Our technical solution allows for choosing the desired wavelengths used in the measurement. Thus, it is possible to focus on different skin tissue compartments based on the used light in the optical and near-infrared spectra. The selected wavelength corresponds to the choice of the examined structure and its anatomical location. The technical solution also allows for changing the intensity and mode of the light source and the parameters of the camera and diffusion filter.

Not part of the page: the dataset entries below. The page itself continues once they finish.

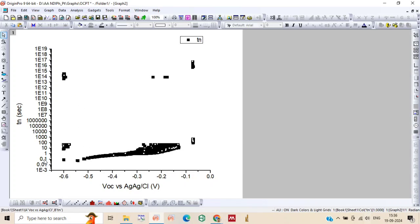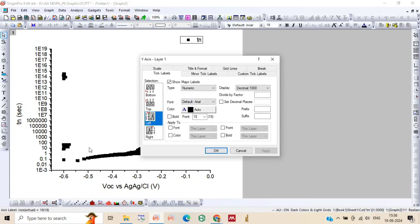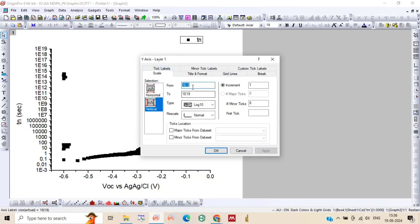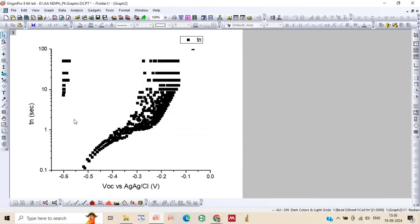Now we need to rescale the y-axis by going to scale. Starting from 0.1 to 100. And you will get the plot.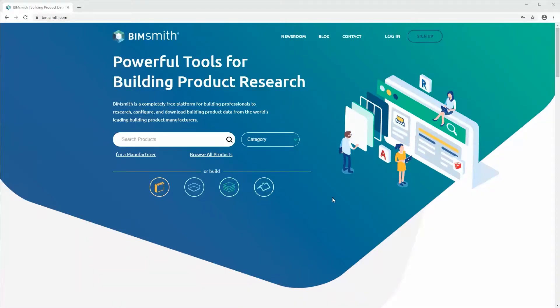Hi, this is Ethan with BimSmith. Today we're going to start a series of videos about the BimSmith Revit plugin. Today's video is just going to cover how to download and install it, but then we'll get into how to use Market and Forge without ever leaving Revit.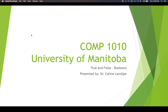Hi, this is COMP 1010 at the University of Manitoba. I'm Dr. Celine LaTulip and today I'm going to introduce you to the Boolean data type — true/false — and how to use that in simple if statements.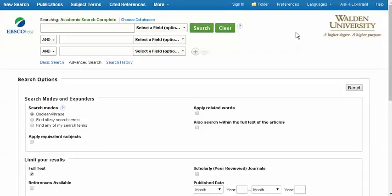This short video will go over the basics of keyword and subject searching in a library database. We'll start by looking at the advanced search page of the database Academic Search Complete.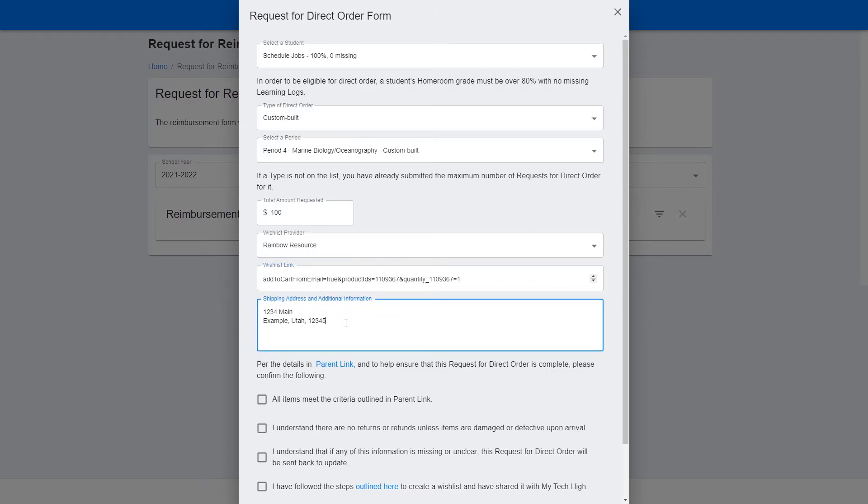If you have followed all of these instructions, none of your items are out of stock, and all of your items are approved for reimbursements and direct orders, then your request for direct order will be approved quickly. If something is slightly wrong, you will receive an email telling you what needs to be adjusted.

The proposed system, as well as the illumination device, has several limits that do not directly affect the measurement. The first shortcoming is the transients arising from the switching on and off of the illumination device, and thus, the LEDs of the corresponding wavelengths. This shortcoming could be solved in some way by using LEDs with ultra-short switching times and an LED driver with a short on and off time [38,39]. Transients caused by the power supply can be eliminated by using power supplies with high stability when switching the LED load or by designing one’s own power supply according to [40,41,42]. The second shortcoming is related to the camera. Ideally, the image captured by the camera would be processed and sent to a computer immediately. However, because every event of the proposed system, e.g., capturing an image, processing it, and sending it to a computer, takes some time, this can be seen as limiting. This issue can also be solved in a certain way by choosing a suitable camera [43] that shortens the mentioned times.

The advantage of the proposed system is the possibility of choosing the luminosity of the illumination device and the possibility of choosing the specific wavelengths of the LEDs forming the illumination device. The user can select the 1-λ, 2-λ, or 3-λ mode, as well as the sampling frequency of the image capture. It is important to mention that it is possible to chain the illumination device to achieve higher radiant power and a broader illuminated area.

In focusing on the AC components of the measured PPGI signals (Figure 17), we found that the AC components of 525 nm and 625 nm PPGI waveforms had the highest magnitude levels. This is probably because light with a wavelength of 525 nm penetrates to the depth of the skin where the arterial network is located. It is also important to consider the hemoglobin absorption of radiation [37,44]. The large magnitude of light with a wavelength of 625 nm could also be caused, for example, by the reddening of the skin where the dermal ointment was applied.

The DC components of the measured PPGI signals also depend on the skin reflectance [45] and the camera quantum efficiency [32]. In addition, they were modulated due to the different radiation levels of the selected LEDs. Therefore, it was necessary to perform a software calibration. Software calibration is also important from the point of view of evaluating the measured PPGI data. The measured data can be displayed in amplitude maps, where the individual DC levels at different wavelengths matter for comparison [33].

An option for future work is to add a hardware calibration option, where the brightness of the individual LED panels could be directly controlled depending on the quantum efficiency of the camera and the reflectance of the skin surface under investigation. Other possibilities are adding more wavelengths or using RGB LEDs, where it would be possible to create colored illumination according to the target scenario of the experiment.

In addition, multispectral photoplethysmography imaging opens up the possibility of examining different parts of the skin tissue simultaneously. Thus, this method is promising for monitoring phenomena between different layers or physiological systems, such as the cardiovascular or neuromuscular system.